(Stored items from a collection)
================

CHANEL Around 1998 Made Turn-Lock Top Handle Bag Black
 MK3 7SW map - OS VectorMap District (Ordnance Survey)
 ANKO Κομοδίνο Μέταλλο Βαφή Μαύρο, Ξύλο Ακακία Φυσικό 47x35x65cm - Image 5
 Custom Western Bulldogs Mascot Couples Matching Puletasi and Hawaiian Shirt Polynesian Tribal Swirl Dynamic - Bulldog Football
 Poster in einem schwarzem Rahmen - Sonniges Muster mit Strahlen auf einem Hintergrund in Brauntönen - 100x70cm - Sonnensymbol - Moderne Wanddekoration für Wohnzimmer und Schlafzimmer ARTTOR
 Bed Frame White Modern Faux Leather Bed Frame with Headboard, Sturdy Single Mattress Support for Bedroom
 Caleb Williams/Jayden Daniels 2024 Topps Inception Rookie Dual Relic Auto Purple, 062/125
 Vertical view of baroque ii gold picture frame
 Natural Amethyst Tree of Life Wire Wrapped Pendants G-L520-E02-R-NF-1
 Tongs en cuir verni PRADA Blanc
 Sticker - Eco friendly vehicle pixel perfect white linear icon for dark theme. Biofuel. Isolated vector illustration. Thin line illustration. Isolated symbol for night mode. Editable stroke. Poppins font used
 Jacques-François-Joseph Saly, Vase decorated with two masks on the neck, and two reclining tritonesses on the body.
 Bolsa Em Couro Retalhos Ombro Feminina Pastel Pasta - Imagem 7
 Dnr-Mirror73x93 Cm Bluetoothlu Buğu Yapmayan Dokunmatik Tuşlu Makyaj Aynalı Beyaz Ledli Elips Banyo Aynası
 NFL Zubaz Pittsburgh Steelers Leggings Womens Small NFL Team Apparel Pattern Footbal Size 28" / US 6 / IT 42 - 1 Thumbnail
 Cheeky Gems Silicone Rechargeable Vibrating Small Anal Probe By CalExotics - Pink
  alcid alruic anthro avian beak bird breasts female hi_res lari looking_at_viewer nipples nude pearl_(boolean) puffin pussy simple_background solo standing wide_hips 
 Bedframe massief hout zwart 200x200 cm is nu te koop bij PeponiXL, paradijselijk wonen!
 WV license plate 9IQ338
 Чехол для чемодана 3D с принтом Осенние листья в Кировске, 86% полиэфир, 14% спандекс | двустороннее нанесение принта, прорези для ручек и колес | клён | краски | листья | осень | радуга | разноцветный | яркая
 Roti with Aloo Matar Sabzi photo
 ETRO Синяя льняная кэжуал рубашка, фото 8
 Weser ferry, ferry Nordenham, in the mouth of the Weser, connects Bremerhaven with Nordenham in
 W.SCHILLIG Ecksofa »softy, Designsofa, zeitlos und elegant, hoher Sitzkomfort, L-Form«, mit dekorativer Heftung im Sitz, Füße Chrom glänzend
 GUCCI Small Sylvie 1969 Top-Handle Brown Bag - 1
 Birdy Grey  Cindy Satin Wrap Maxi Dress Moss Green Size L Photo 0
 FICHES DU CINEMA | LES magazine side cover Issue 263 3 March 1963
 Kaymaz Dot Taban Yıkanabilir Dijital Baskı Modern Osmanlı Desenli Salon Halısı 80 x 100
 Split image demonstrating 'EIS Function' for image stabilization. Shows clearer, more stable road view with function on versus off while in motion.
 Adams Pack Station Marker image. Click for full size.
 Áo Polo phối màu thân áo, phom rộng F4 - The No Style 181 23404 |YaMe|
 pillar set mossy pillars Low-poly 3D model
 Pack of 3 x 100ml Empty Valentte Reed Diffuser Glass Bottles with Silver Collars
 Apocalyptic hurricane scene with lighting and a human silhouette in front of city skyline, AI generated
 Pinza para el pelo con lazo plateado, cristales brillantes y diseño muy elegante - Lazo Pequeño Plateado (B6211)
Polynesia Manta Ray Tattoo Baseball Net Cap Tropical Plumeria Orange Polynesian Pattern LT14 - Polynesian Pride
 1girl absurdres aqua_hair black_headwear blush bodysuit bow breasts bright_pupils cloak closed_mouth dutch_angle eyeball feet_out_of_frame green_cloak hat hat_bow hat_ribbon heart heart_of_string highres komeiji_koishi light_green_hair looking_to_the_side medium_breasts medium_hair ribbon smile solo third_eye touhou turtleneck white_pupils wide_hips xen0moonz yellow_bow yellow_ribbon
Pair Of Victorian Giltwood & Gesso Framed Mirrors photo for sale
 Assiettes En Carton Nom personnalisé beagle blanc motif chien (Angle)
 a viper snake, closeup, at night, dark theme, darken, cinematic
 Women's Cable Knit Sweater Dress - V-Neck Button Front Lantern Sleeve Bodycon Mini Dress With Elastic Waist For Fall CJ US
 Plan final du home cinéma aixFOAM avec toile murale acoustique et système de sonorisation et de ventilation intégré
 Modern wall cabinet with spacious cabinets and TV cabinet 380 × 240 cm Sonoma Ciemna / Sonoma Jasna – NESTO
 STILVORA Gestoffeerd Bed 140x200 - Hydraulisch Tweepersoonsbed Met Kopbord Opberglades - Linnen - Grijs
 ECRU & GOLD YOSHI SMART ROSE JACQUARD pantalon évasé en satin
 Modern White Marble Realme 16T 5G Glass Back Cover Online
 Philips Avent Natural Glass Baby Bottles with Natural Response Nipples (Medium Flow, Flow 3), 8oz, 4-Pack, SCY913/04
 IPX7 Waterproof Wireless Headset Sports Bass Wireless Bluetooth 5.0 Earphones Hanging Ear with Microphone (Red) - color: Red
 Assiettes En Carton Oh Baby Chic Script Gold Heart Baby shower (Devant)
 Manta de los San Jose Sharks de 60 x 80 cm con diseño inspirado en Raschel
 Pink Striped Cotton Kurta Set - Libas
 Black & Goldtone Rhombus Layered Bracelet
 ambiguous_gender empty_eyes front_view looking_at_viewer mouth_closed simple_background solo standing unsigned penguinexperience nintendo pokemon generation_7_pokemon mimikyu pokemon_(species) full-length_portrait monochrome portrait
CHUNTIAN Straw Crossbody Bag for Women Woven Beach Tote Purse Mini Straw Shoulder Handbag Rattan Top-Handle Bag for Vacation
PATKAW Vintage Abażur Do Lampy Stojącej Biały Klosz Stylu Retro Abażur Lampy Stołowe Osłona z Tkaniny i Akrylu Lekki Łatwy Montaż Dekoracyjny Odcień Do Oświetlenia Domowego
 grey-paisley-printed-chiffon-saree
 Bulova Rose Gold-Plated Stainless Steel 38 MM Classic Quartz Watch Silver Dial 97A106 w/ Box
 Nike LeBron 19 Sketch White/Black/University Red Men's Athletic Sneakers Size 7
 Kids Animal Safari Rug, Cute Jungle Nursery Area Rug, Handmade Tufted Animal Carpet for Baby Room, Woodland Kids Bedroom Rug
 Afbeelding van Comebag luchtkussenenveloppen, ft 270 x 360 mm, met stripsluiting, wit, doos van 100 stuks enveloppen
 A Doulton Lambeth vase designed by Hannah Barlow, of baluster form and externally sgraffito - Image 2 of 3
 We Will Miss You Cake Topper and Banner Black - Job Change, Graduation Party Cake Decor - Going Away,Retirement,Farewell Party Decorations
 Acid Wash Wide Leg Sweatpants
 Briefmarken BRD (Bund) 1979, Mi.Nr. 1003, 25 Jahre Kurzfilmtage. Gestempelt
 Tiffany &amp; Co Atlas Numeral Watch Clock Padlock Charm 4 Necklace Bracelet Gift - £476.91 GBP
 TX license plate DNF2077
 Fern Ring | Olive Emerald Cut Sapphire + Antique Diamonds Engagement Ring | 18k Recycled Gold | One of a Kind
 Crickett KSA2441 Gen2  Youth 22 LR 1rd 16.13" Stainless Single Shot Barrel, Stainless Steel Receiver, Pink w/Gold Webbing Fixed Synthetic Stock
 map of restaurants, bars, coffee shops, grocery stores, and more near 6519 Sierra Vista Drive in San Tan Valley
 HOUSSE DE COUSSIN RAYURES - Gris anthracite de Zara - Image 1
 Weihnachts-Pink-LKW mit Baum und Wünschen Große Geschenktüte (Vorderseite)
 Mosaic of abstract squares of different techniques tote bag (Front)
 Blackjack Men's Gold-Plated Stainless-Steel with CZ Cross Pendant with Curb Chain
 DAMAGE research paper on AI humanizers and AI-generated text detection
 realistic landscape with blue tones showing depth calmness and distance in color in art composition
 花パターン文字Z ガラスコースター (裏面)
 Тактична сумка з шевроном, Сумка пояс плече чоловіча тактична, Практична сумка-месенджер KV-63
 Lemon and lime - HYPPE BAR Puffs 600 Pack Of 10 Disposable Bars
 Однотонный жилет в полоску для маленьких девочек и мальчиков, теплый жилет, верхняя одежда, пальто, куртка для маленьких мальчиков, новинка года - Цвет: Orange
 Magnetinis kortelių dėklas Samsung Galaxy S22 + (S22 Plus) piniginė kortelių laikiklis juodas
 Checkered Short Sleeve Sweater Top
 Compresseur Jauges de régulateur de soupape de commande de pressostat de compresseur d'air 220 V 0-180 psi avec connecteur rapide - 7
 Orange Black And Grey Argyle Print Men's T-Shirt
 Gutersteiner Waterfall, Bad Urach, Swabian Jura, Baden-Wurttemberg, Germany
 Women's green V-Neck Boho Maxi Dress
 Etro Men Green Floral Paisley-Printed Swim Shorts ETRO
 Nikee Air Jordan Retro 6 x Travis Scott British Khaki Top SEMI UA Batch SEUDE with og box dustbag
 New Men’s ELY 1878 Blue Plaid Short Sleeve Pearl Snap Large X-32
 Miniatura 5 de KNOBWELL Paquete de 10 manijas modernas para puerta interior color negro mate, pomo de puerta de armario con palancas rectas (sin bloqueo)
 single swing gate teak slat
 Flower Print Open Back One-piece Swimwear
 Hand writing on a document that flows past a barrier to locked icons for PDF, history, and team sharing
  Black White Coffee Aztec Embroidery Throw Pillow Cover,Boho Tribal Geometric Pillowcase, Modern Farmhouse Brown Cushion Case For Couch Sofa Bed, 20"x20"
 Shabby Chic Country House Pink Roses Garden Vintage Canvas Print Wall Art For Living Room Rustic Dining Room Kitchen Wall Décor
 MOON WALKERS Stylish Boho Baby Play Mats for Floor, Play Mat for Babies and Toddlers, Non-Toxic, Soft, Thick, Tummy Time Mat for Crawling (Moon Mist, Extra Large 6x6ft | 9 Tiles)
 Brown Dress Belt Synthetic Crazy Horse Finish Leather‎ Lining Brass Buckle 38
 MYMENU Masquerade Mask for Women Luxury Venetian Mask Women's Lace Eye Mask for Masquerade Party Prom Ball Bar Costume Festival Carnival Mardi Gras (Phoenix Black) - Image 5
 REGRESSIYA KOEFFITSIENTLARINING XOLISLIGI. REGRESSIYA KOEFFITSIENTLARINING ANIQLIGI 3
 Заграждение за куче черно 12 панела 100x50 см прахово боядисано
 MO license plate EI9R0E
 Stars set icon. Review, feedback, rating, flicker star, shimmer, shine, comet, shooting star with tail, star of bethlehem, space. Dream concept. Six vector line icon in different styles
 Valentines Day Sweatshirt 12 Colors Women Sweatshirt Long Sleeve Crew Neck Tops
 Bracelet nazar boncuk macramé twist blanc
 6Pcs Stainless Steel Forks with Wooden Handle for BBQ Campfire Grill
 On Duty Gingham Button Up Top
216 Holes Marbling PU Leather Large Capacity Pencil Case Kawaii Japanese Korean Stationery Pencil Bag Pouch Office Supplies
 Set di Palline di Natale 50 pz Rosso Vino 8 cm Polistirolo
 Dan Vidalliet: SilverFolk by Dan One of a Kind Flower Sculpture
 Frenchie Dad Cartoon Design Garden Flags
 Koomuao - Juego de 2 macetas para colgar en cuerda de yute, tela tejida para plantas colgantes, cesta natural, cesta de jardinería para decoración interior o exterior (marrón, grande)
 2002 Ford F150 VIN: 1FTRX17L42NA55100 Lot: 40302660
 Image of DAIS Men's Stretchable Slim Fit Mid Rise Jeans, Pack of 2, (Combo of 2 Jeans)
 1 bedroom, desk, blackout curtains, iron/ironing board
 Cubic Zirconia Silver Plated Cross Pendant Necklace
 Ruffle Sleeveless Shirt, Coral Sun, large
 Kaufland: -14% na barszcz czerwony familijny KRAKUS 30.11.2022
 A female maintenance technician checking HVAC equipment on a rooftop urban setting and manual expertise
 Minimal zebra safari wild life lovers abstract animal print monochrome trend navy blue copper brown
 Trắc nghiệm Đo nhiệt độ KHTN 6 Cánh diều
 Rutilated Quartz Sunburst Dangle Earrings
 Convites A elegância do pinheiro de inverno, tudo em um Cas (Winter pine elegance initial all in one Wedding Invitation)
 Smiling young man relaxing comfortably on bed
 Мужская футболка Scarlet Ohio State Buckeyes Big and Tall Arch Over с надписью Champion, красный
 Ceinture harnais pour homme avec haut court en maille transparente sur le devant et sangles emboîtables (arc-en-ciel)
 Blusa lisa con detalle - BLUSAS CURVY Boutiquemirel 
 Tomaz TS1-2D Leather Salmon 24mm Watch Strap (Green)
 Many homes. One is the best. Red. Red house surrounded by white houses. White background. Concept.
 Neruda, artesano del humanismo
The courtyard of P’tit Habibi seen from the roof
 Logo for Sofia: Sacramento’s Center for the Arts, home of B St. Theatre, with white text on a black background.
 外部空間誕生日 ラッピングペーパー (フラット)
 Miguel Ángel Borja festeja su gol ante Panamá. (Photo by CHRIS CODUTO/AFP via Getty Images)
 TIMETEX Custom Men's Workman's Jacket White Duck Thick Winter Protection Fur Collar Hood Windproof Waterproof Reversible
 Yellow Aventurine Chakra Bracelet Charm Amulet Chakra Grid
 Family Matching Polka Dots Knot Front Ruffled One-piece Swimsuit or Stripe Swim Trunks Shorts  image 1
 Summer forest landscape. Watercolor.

================

- [What you need to do] Look through the records above and please copy every line in which the string "Button" occurs.

- [Answer area]
 Women's Cable Knit Sweater Dress - V-Neck Button Front Lantern Sleeve Bodycon Mini Dress With Elastic Waist For Fall CJ US
 On Duty Gingham Button Up Top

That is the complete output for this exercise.